Side lining inflation control

  • The latest monetary policy review seems to be indicative of the sidelining of inflation concerns. The MPC seems to have tilted away from its inflation-targeting mandate.
  • The MPC considers that the reason for the current inflation being above the tolerance band is mainly due to supply shocks and it expects these shocks to dissipate as the economy unlocks and supply chains are restored.
  • Even the RBI Governor has repeatedly stated that the current ‘inflation hump’ is a transient phenomenon.

Doubts over inflation estimates:

  • The inflation assumptions seem inaccurate given that it estimates the CPI inflation to sharply ease from 6.8% in Q2 to 5.4% in Q3 and 4.5% in Q4, given the persistence of supply bottlenecks, cost-push pressures from higher taxes on transport fuels and the possibility of food-price inflation.
  • Economists have suggested that through this move the MPC has sought to talk up confidence ignoring the risks of inflation.

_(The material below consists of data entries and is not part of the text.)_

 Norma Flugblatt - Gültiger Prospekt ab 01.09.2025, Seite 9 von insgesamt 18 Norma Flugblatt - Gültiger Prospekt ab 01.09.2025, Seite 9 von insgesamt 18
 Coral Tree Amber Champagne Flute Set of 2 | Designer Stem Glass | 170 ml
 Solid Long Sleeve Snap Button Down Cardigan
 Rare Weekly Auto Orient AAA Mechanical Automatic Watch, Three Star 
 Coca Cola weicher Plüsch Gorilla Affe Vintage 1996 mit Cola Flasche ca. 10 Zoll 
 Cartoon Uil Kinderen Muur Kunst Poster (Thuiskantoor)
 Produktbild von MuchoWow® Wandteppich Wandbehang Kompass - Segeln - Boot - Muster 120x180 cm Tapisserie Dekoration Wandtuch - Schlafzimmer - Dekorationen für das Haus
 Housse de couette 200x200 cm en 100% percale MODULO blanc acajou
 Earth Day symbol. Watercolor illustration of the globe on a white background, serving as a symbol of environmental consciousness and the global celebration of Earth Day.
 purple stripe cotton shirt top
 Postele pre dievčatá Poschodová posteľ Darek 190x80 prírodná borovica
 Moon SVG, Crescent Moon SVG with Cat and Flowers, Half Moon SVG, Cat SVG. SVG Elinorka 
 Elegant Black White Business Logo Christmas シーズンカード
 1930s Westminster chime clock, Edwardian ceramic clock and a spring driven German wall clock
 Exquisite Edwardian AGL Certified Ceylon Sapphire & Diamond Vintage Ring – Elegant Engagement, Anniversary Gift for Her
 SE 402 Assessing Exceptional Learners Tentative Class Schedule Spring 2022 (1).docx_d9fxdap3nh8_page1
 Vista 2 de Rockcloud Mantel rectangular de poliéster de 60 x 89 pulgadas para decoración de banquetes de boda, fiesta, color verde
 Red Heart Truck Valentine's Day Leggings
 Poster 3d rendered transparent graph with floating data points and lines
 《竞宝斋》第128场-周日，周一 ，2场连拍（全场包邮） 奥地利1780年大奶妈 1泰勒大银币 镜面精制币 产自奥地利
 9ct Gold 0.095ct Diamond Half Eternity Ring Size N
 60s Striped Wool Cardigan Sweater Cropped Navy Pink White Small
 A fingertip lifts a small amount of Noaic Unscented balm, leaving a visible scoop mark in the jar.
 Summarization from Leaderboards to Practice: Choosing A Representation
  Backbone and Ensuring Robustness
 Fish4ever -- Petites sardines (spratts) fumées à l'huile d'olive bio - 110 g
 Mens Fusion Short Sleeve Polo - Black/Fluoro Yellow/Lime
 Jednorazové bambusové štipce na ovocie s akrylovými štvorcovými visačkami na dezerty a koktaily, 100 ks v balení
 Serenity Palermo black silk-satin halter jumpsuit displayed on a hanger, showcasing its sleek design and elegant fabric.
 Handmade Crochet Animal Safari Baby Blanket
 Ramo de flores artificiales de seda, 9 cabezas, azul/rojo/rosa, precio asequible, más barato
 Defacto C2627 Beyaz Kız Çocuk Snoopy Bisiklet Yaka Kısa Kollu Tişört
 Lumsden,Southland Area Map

Risk of forward looking guidance:

  • The MPC has projected that it would stick with the accommodative stance “at least during the current financial year and into the next financial year”. This forward-looking guidance would leave the MPC with little near-term leeway to tame price pressures.
  • This could hamper the MPC’s ability to take measures to support the ‘emerging impulses’ and help the economic revival.